Custom Clients
Although the sliver-client is the default way to interact with a sliver-server and with implant sessions, there might be a time where you would want to automate some tasks upon reception of certain events.
To do so, you can use sliver-script, sliver-py, or write a custom client in another language.
Current Sliver releases generate multiplayer operator configs with a wg block by default. The official sliver-client, and Go clients that reuse Sliver's client/assets plus client/transport packages, will automatically bring up that WireGuard wrapper before dialing the in-tunnel gRPC/mTLS service.
If you are writing a custom client in another language, you have two options:
- Implement the multiplayer WireGuard wrapper described in multiplayer mode, then connect to the in-tunnel gRPC/mTLS service.
- Keep multiplayer in direct mode by default, or explicitly opt into the wrapper with
multiplayer --enable-wgorsliver-server daemon --enable-wg.

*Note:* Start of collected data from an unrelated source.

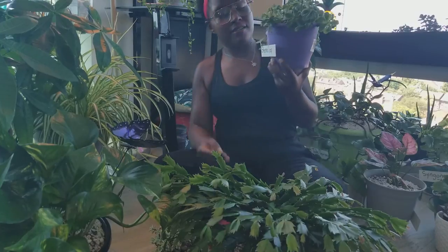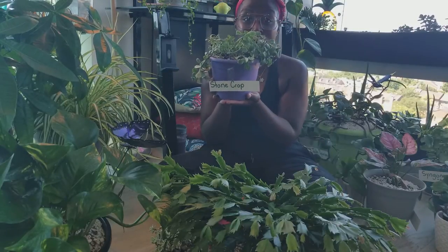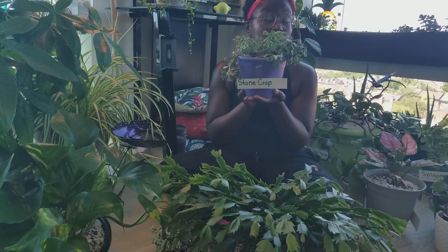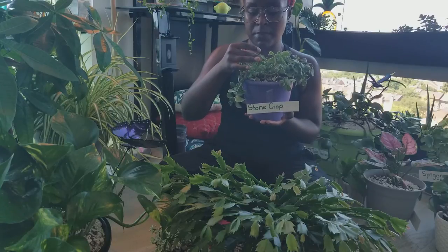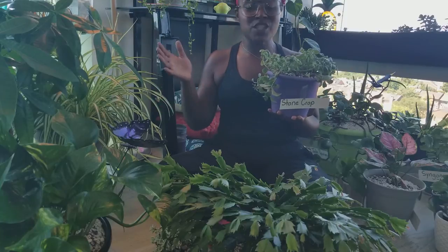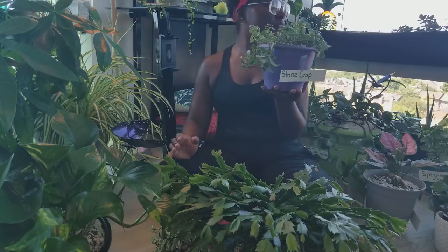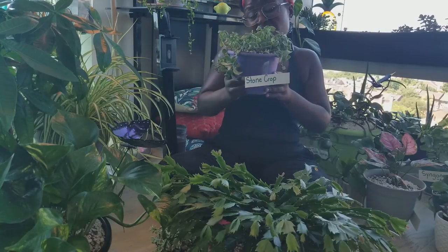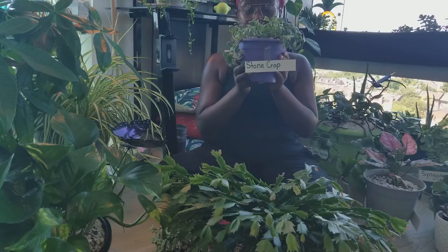Next we have stone crop — another farmer's market find. She's looking a little sparse, a little rustic. She's recovering from an infestation of spider mites. I thought I was good about checking, saw a couple of webs and then just started seeing clusters of spider mites. Once it happens you become like a crazy person about checking. She's a variegated variety — not really showing much because she was kind of unhealthy — but as she gets bigger there's supposed to be more variegation and even some bright yellow flowers, so this is one we'll keep an eye on together.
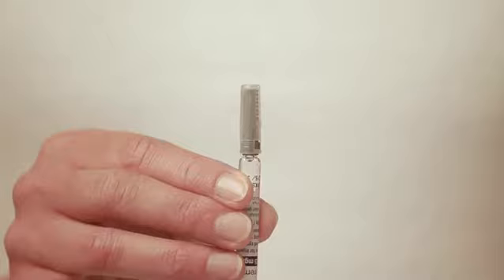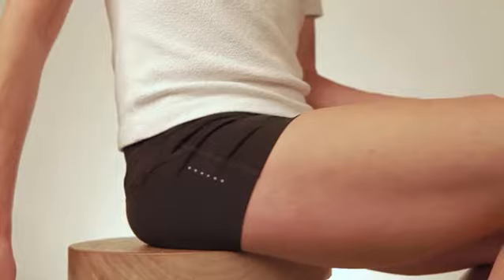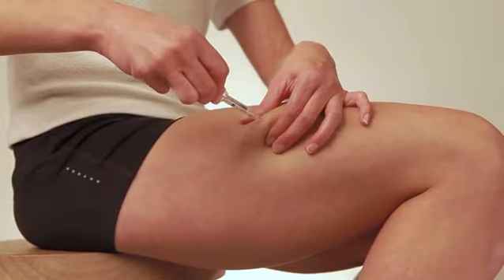Remove the protective cap from the needle. Take a thick skin fold, preferably on your thigh, between your thumb and index finger. Use your other hand to inject the needle at the base of the skin fold at an angle of 45 degrees to the surface of the skin.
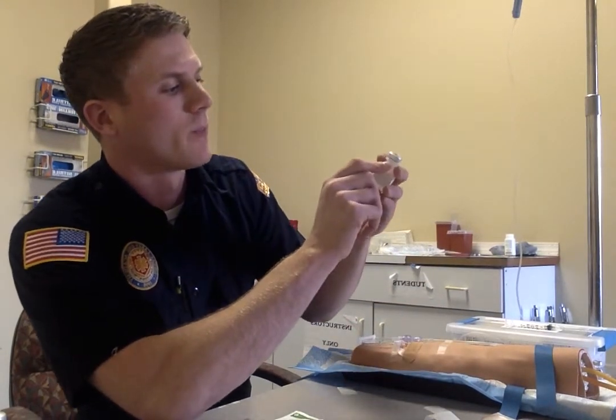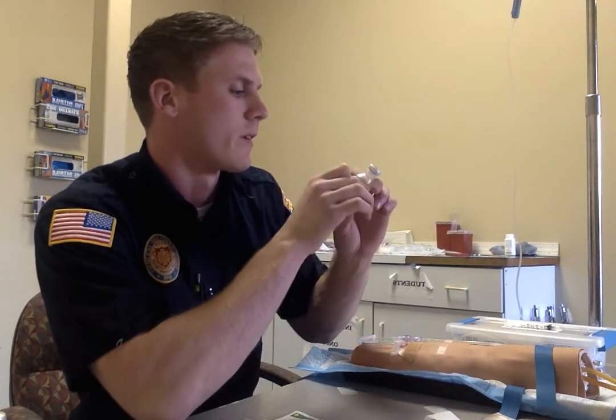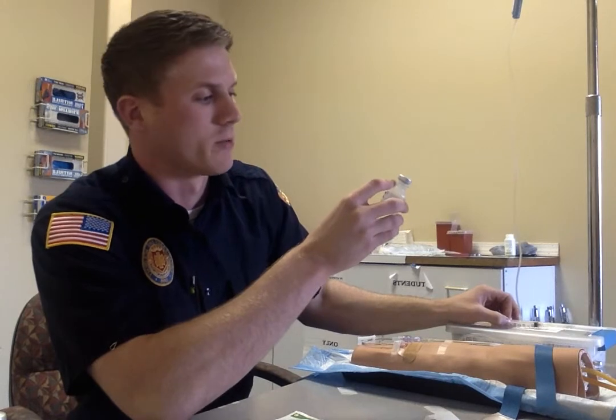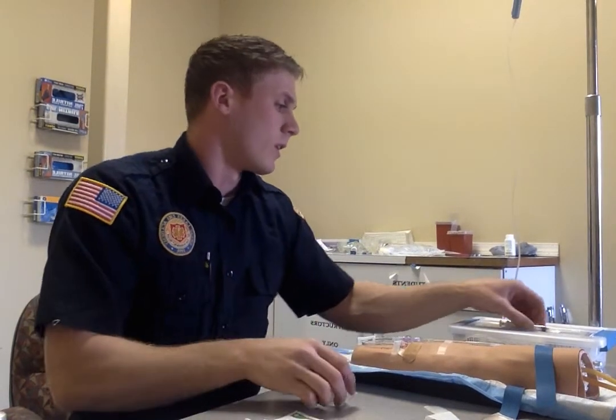We have our amiodarone here, which is 50 mg in 3 mL. Expiration of 9 of 18, so we're all set there. I'll get my second check from my partner, and then I can check again. Amiodarone 150 mg in 3 mL, so I'll be drawing up 3 mL — so here we've got our 3 checks.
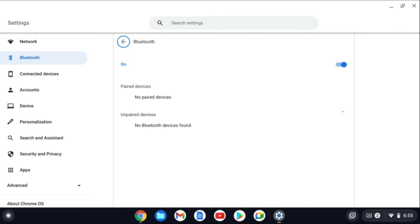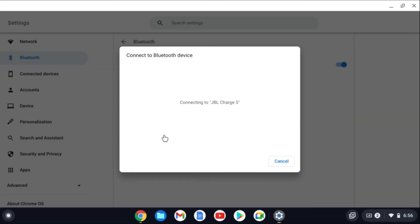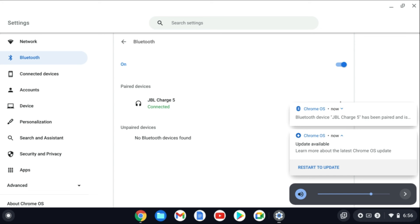After you have done that you're going to turn on your JBL speaker, and right where you see the Bluetooth icon on the top you're going to tap on that and press down on it. Hold down on it for a while until you hear the beep, and then you'll see it pop up right here. You simply tap on it and as you can see it's connecting to JBL Charge 5.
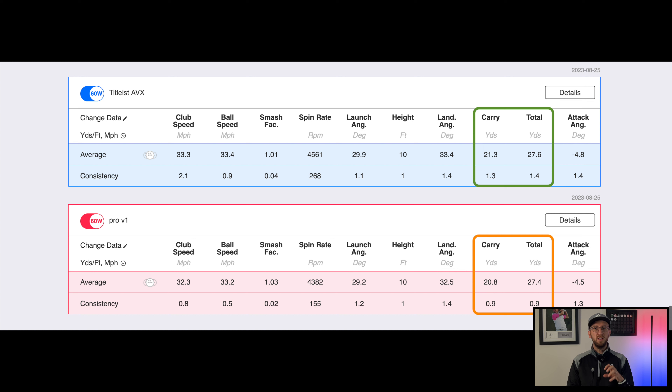The overriding conclusion from this part of the test is that both golf balls are doing exactly what Titleist said they would do. The AVX is keeping up with the Pro V1 and the only real difference is that slightly softer feel, which was definitely noticeable in the bay. Let's move up the bag to the pitching wedge.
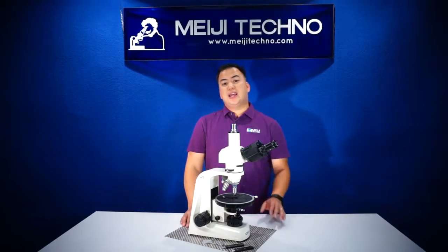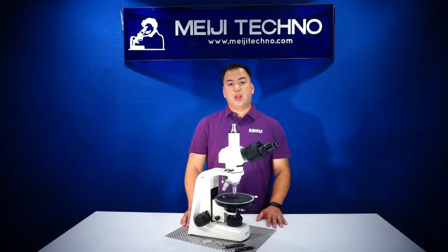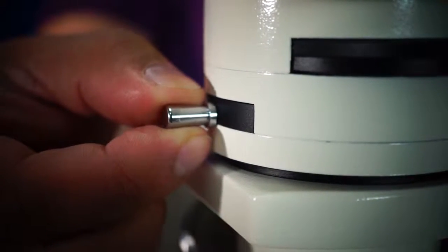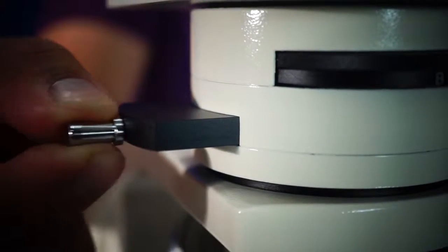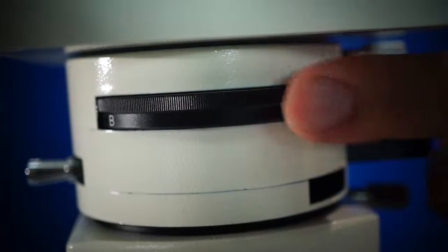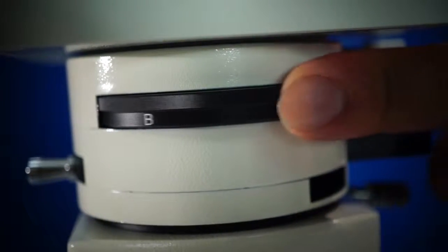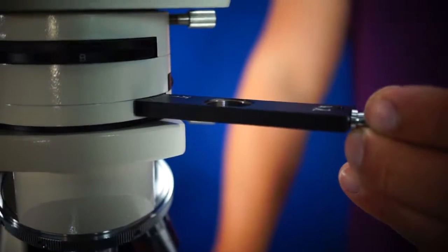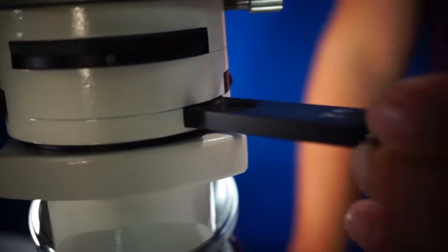Below the head, the MT-9000 series is also equipped with an orthoscopic or conoscopic intermediate tube with a sliding analyzer, a rotatable Burton lens, and a compensator slot designed to accept DIN standard compensator plates.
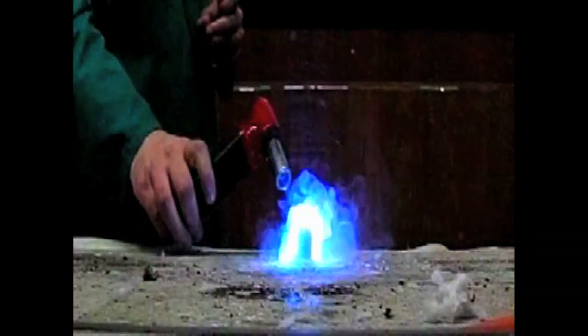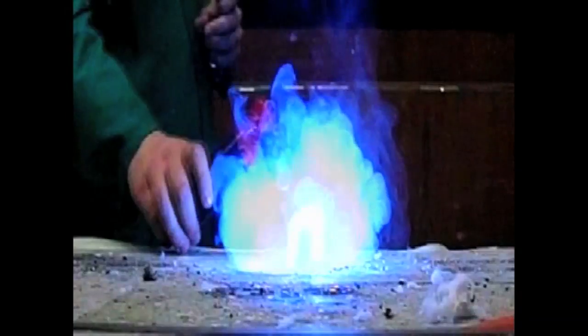Now that was great - a lovely blue flame from that copper chloride. Wasn't that really fantastic? That was brilliant!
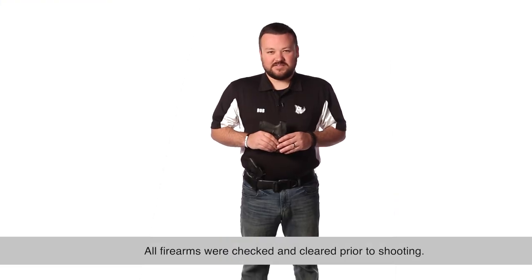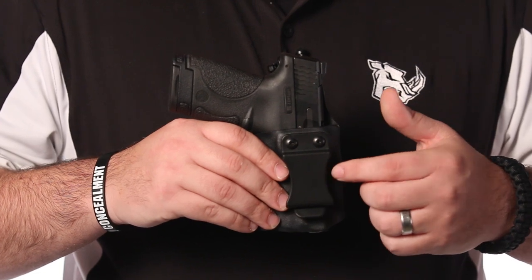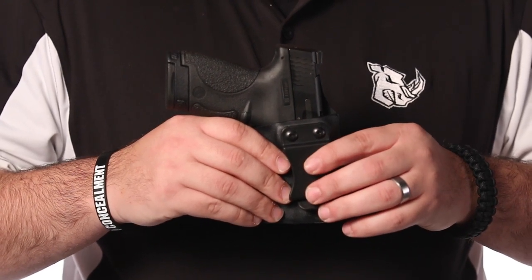Hi, this is Rob with Black Rhino Concealment. Today we're going to be talking about cants on our CCS holster, or our concealed carry system. The holster in front of me right here has a zero degree cant, which means there is no degree of where the gun sits in the holster at a different angle.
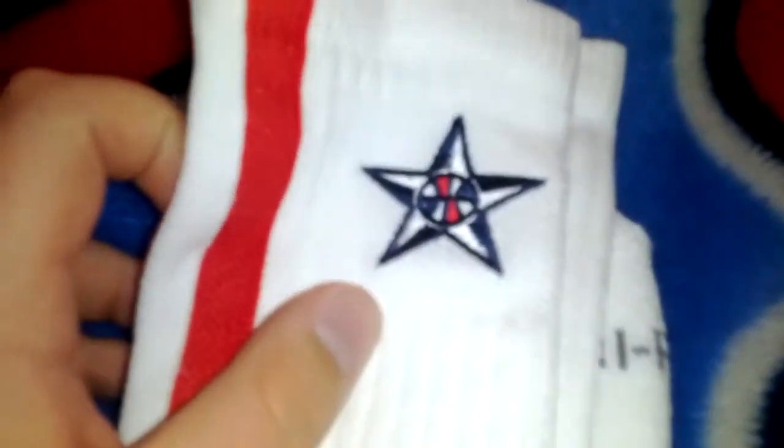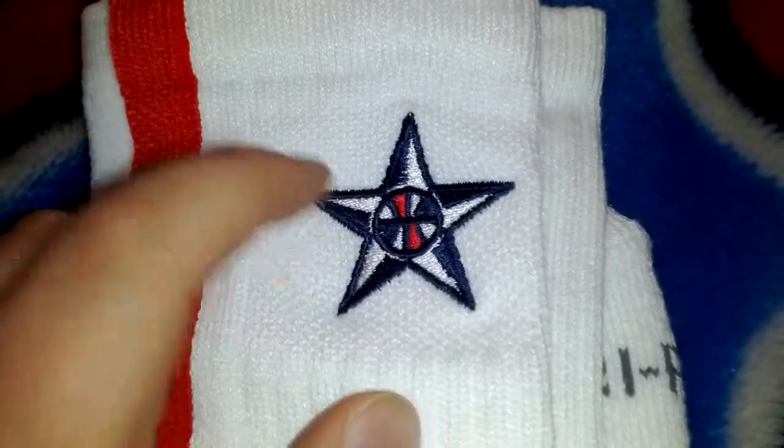The base is white, but they're still in the package. I'll probably keep them in there until I wear them. Right here you got a navy obsidian — one of those two colors — star here with the basketball with the blue and red.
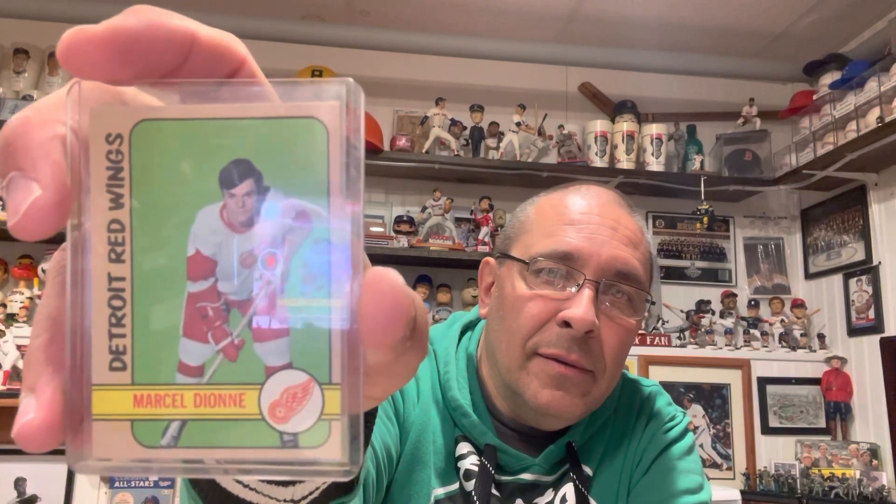Next is Phil Esposito's brother, Tony Esposito — great Chicago Blackhawks goaltender who used the butterfly stance, one of the greatest goalies in NHL history. Card number 20, in that classic Chicago Blackhawks original six jersey — that's the jersey I had as a kid. Then from the Detroit Red Wings, Marcel Dionne — started his career in Detroit, most people remember him with the LA Kings. Not the biggest guy at five-eight, 170 pounds, but a great goal scorer and puck handler. Card number 18.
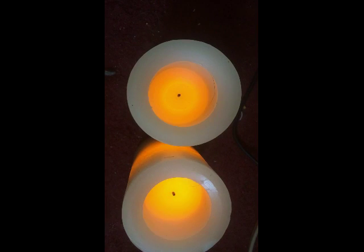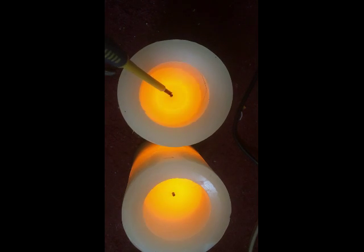Now I can do my review on these things. They are made out of wax, as you can see here. They are electronic. They look like real candles from the sides, but they are electronic as you can see.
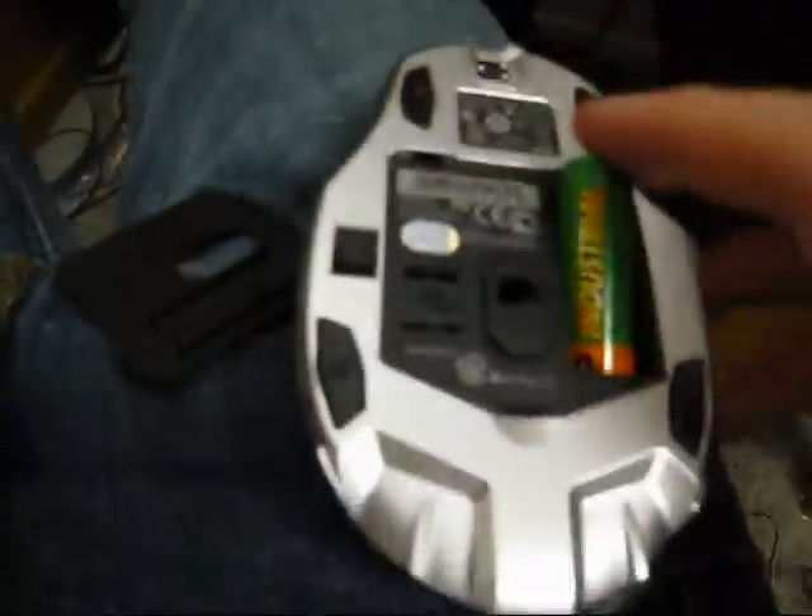Alright guys, this is showing you the blue track laser right now. Putting the battery in — you see, it turns on. Pretty sick looking. It's pretty cool. You don't usually see this in a mouse.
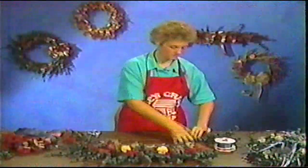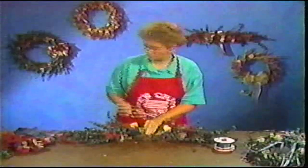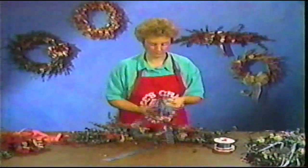At Dee's Crafts, see how easy creating can be. Let us show you how to make beautiful decorations with the handy ring. Create this unique swag in less than an hour.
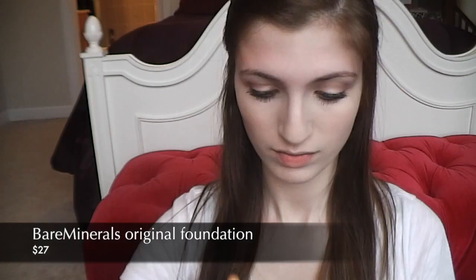Now time for foundation. I'm taking my Bare Minerals Original Foundation on an Equal Tools buffing brush and gently buffing it over my skin, making sure to set all of the concealer.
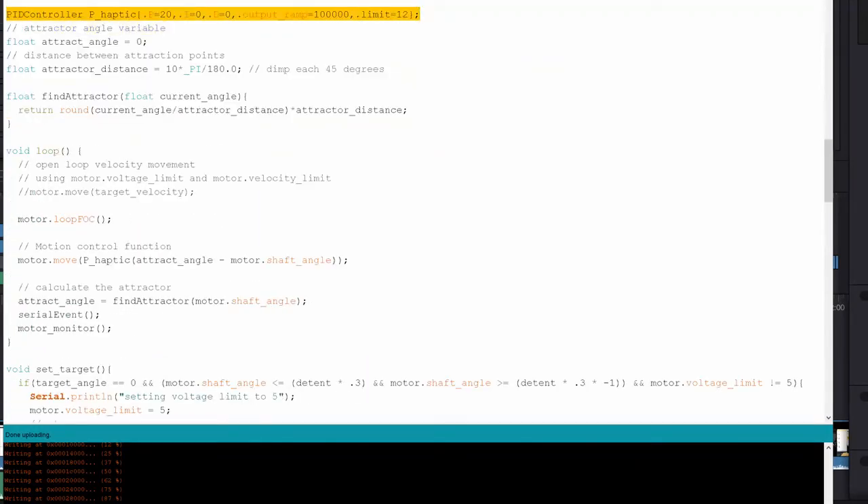So this is the real magic. This is an instance of the PID controller class called PID haptic. We're creating this PID controller class with one term — the proportional term — and we're leaving the integral and the derivative terms off. When you set those to zero, they are not used. There's an output ramp, which is how quickly the voltage will increase given a time period. And then there's a limit, which is the limit in voltage. This attract angle will change as the system changes — you initially set it to zero and when the motor gets initialized, the angle will be set to zero. The attractor distance is essentially taking the 10 degrees for each detent point that we want to use and translating this into radians.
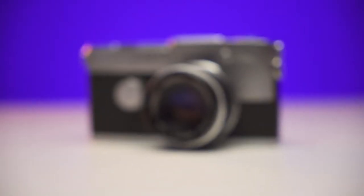Once upon a time I shot on a variety of different film cameras of different formats, and now I'm down to one. All the others have been sold, but this one I'll keep around forever.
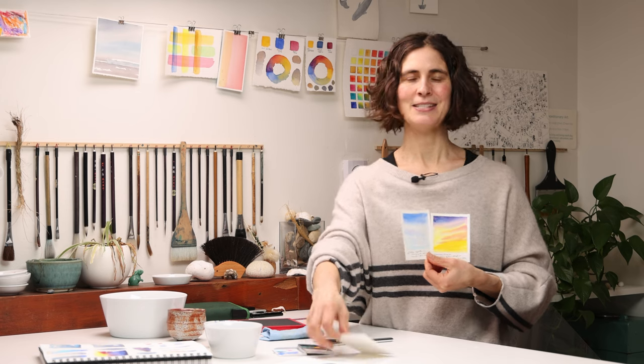My name is Maria Coriel Martin and I'm the founder of Art Toolkit. Today I invite you to join me to paint skies — from clear skies to sunrise and sunset skies and moody skies.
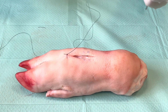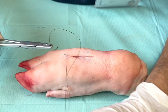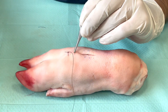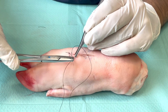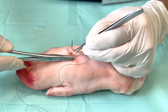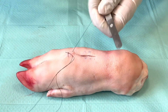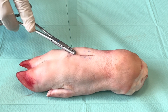Now we take another bite a few millimeters down the incision in the same way as we took the first bite. You go on both sides about the same distance from the wound edge, pull up on the thread, and hold the thread for some tension.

Generate matching operator profiles withnew-operator --enable-wgorsliver-server operator --enable-wgwhen you want the client-side WireGuard wrapper.
Once connected, the client/server API is still gRPC, so any language with gRPC support can in theory be used to create a custom client.
Writing a Go client
This example uses Sliver's Go client libraries, so it works with either a direct multiplayer profile or a WireGuard-enabled profile.
In this example, we will focus on writing a custom Go client that executes a new system command on every new implant that connects to the sliver server.
Create a new Go project somewhere on your file system:
mkdir sliver-custom-client
cd sliver-custom-client
touch main.go
go mod init github.com/<your-username>/<your-project-name>
go get github.com/bishopfox/sliver
The module path (github.com/<your-username>/<your-project-name>) can be anything, as long as it respects the requirements.
The next step is to write our client code (main.go):
package main
import (
"context"
"flag"
"io"
"log"
"github.com/bishopfox/sliver/client/assets"
consts "github.com/bishopfox/sliver/client/constants"
"github.com/bishopfox/sliver/client/transport"
"github.com/bishopfox/sliver/protobuf/clientpb"
"github.com/bishopfox/sliver/protobuf/commonpb"
"github.com/bishopfox/sliver/protobuf/sliverpb"
)
func makeRequest(session *clientpb.Session) *commonpb.Request {
if session == nil {
return nil
}
timeout := int64(60)
return &commonpb.Request{
SessionID: session.ID,
Timeout: timeout,
}
}
func main() {
var configPath string
flag.StringVar(&configPath, "config", "", "path to sliver client config file")
flag.Parse()
// load the client configuration from the filesystem
config, err := assets.ReadConfig(configPath)
if err != nil {
log.Fatal(err)
}
// connect to the server
rpc, ln, err := transport.MTLSConnect(config)
if err != nil {
log.Fatal(err)
}
log.Println("[*] Connected to sliver server")
defer ln.Close()
// Open the event stream to be able to collect all events sent by the server
eventStream, err := rpc.Events(context.Background(), &commonpb.Empty{})
if err != nil {
log.Fatal(err)
}
// infinite loop
for {
event, err := eventStream.Recv()
if err == io.EOF || event == nil {
return
}
// Trigger event based on type
switch event.EventType {
// a new session just came in
case consts.SessionOpenedEvent:
session := event.Session
// call any RPC you want, for the full list, see
// https://github.com/BishopFox/sliver/blob/master/protobuf/rpcpb/services.proto
resp, err := rpc.Execute(context.Background(), &sliverpb.ExecuteReq{
Path: `c:\windows\system32\calc.exe`,
Output: false,
Request: makeRequest(session),
})
if err != nil {
log.Fatal(err)
}
// Don't forget to check for errors in the Response object
if resp.Response != nil && resp.Response.Err != "" {
log.Fatal(resp.Response.Err)
}
}
}
}
Finally, run go mod tidy to make sure to have all the external dependencies, and run go build . to build the code.
That's it, you wrote your first custom client in Go for sliver.